### DATA FOR PROCESSING

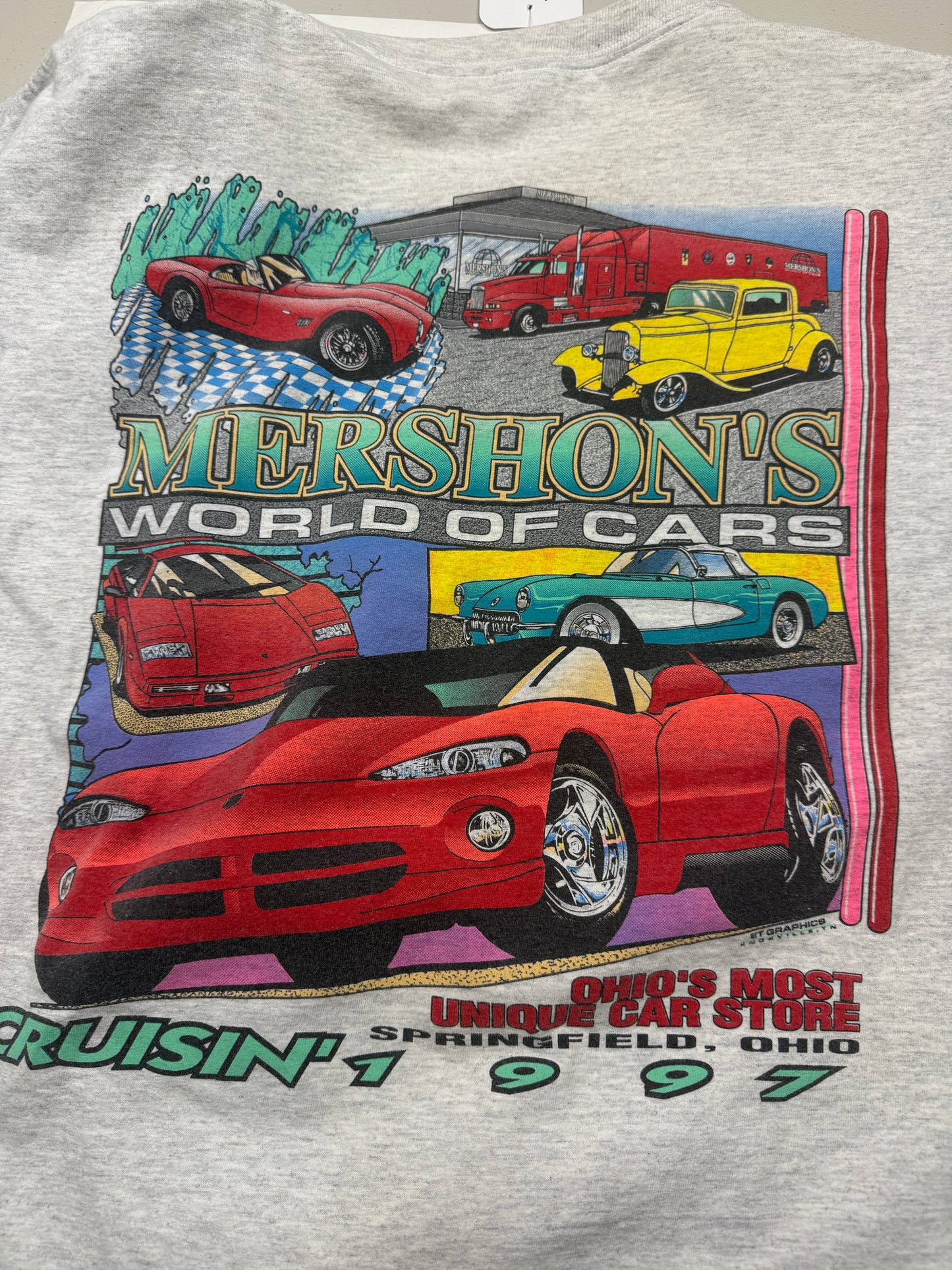 Vintage 1997 Mershons World Of Cars Exotic Ferrari Lots Viper Racing T Shirt Size XL 90s
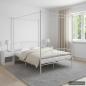 Preview: ARDEBO.de - Himmelbett-Gestell Weiß Metall 160 x 200 cm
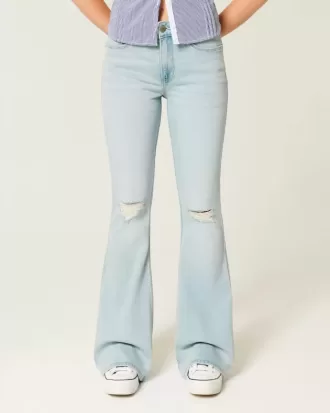 High-Rise Ripped Light Wash Flare Jeans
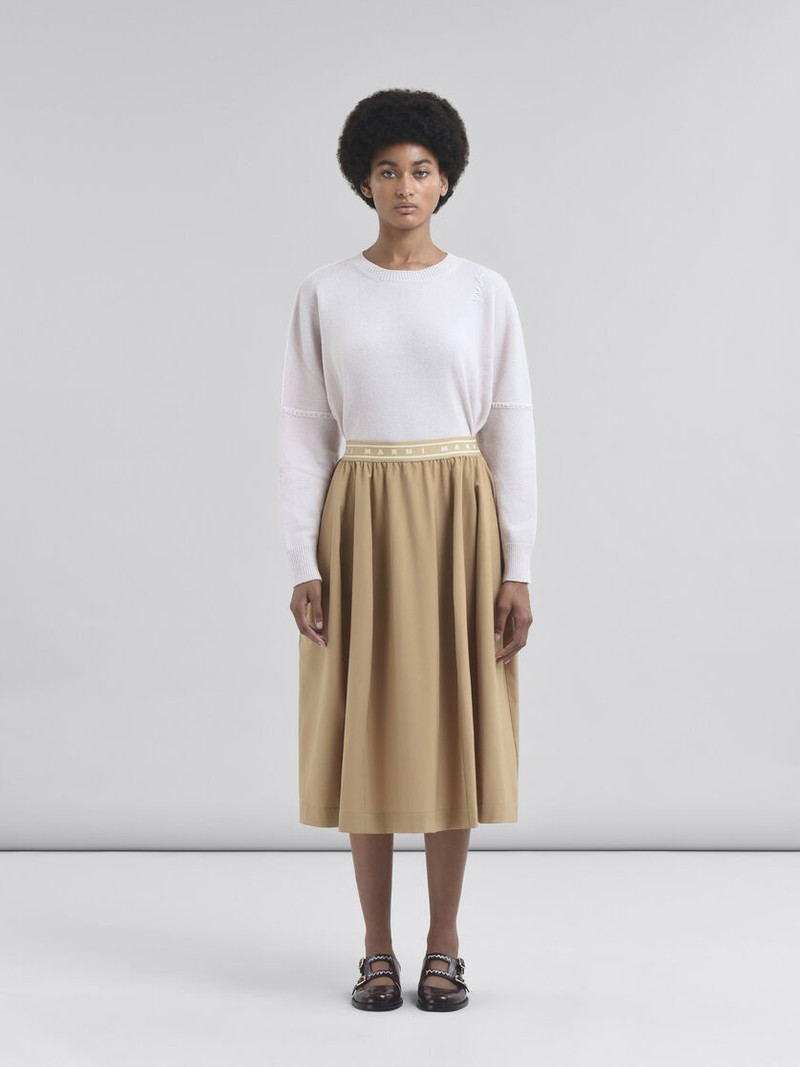 Marni BEIGE WOOL BLEND MIDI SKIRT WITH MARNI SYMBOL outlook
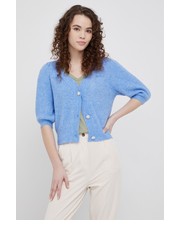 Sweter kardigan z domieszką wełny damski kolor niebieski - Answear.com Y.A.S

### REQUIRED ACTION
Pictures are to be left out; the records above must be repeated word for word.

### SOLUTION TO THE PROBLEM
 Vintage 1997 Mershons World Of Cars Exotic Ferrari Lots Viper Racing T Shirt Size XL 90s
 Preview: ARDEBO.de - Himmelbett-Gestell Weiß Metall 160 x 200 cm
 High-Rise Ripped Light Wash Flare Jeans
 Marni BEIGE WOOL BLEND MIDI SKIRT WITH MARNI SYMBOL outlook
 Sweter kardigan z domieszką wełny damski kolor niebieski - Answear.com Y.A.S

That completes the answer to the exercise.